ME HB 1208: Right to Counsel for Juveniles (Update) This bill, sponsored by Rep. Victoria E. Morales (D), prevents children under 12 from being prosecuted for juvenile crimes, prevents children under 14 from being committed, and establishes that juveniles between the ages of 14 and 17 may only be committed if absolutely necessary. Juveniles have a right to counsel at first appearance and the court may appoint a public defender if the court feels that the interests of the juvenile need to be protected. Counsel continues representing the juvenile through all proceedings. If a disposition of commitment is decided, the court must explicitly state the reasons; if it does not, there are grounds for appeal as an abuse of discretion.
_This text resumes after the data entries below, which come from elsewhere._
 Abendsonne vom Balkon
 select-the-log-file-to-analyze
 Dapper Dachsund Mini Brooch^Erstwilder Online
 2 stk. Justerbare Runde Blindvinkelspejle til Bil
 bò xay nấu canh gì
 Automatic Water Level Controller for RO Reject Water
The bill did not get out of the first committee and will be carried over into the next session.
This bill, introduced by the Assembly Committee on the Judiciary, creates the Office of Indigent Defense Services to oversee indigent criminal defense services, as well as the Board on Indigent Defense Services to oversee the Office. The Board establishes the maximum amount a county may be required to pay for indigent defense services. The bill also allows for the transfer of responsibility for the provision of indigent defense services from a county not required to have an office of public defender to the State if the board of county commissioners agree. It was enacted on 06/10/2019 and goes into effect on 10/01/2019.
Sponsored by Sen. Jamaal Bailey (D), this bill amends the County Law by doubling the hourly compensation rate for assigned counsel and subjecting it to an annual cost of living increase. This rate has not been adjusted since 2003, at which time it was lowered. The bill was amended in the Senate Committee on Local Government on 06/13/2019.
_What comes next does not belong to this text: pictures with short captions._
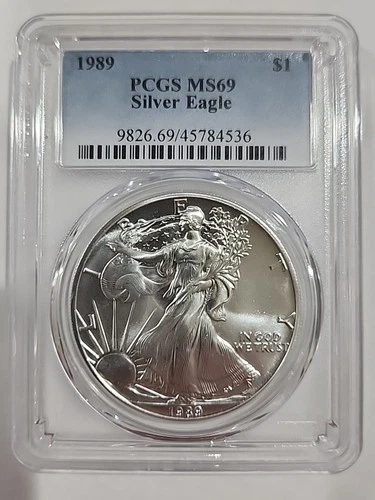1989 American Silver Eagle PCGS MS69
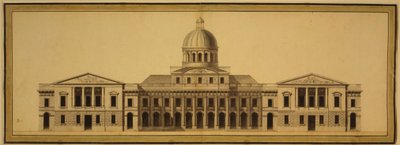 Design pour le Capitole des États-Unis, 1793 - Etienne Sulpice Hallet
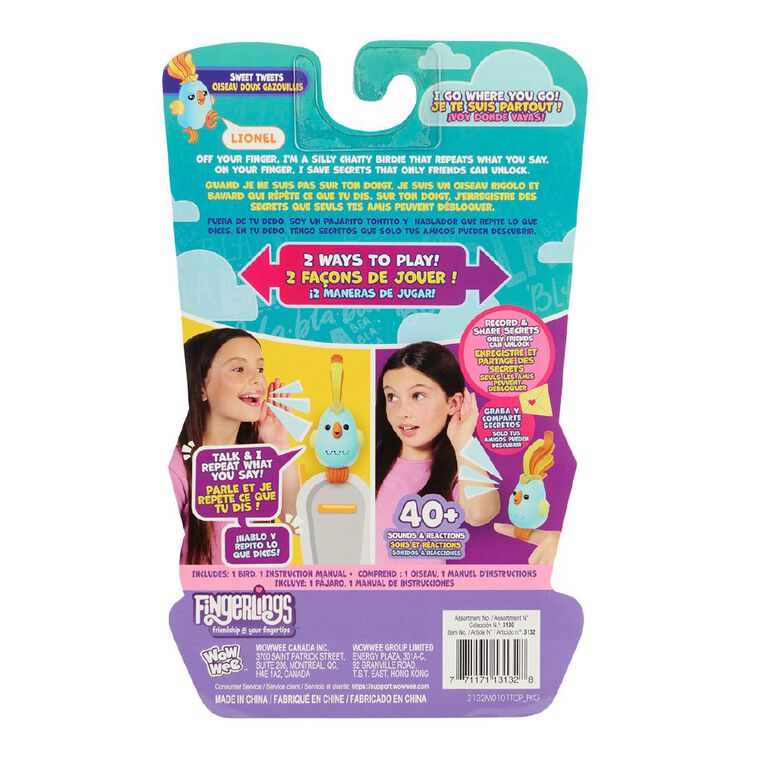 Fingerlings Interactive Bird Assorted, , hi-res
This bill, sponsored by the House Judiciary Committee, establishes the Task Force on Public Defense to review requirements and best practices regarding public defense services in municipal and justice court proceedings, and to produce a report with recommendations for the Legislative Assembly by 12/31/2020. Upon passage, this Act would declare an emergency to emphasize the importance of the Act to “public peace, health and safety.” The bill failed to pass the Senate on 06/29/2019 with a vote of 0-27.
This bill, sponsored by the Senate Judiciary Committee, prohibits courts from requiring a criminal defendant to pay costs associated with appointed counsel unless the defendant is convicted of a crime. It did not make it out of committee and died upon session adjournment on 06/30/2019.
TX HB 1323 (Update)
This bill, sponsored by Rep. Andrew Murr (R), makes “clear and convincing evidence” that bail and conditions of release are insufficient to ensure appearance in court and public safety the standard for denying bail. The bill would also mandate the use of a risk assessment tool when deciding pretrial release or the use of bail. Both this bill and its Senate companion SB 628 failed upon session adjournment on 05/27/2019.
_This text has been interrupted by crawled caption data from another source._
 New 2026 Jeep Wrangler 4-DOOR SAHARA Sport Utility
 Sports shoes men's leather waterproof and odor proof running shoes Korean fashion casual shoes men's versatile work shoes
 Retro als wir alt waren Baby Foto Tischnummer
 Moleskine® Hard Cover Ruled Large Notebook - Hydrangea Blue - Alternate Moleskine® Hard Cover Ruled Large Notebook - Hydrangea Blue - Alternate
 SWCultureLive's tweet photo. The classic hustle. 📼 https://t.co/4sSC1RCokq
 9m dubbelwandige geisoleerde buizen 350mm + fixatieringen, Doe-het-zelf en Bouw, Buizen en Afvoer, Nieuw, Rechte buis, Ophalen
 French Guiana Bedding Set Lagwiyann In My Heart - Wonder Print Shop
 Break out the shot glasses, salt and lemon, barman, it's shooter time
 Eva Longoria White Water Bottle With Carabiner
This bill, sponsored by Rep. Selene Colburn (D), requires that public defense services be available to any person charged with a crime, not just those charged with serious crimes. Any “needy person” detained by law enforcement without charge or judicial process, or who is charged with a crime of any level is entitled to counsel. The bill will be carried over into the next session.
This bill, sponsored by Sen. Jeannie Darneille (D), establishes a postconviction review board and review process for the early release of offenders who qualify. Those determined to be indigent have the right to counsel when petitioning for release under this bill. To qualify, offenders must have served 15 to 20 consecutive years, or must be at least 60 years old and have served half of their sentence. The bill will be carried over into the next session.